• Problem
Write the data out again so that it matches word for word.

==== Dataset extract ====

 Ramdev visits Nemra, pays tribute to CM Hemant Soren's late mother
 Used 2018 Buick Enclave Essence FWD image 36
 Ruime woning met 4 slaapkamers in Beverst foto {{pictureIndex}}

====

• Answer box
 Ramdev visits Nemra, pays tribute to CM Hemant Soren's late mother
 Used 2018 Buick Enclave Essence FWD image 36
 Ruime woning met 4 slaapkamers in Beverst foto {{pictureIndex}}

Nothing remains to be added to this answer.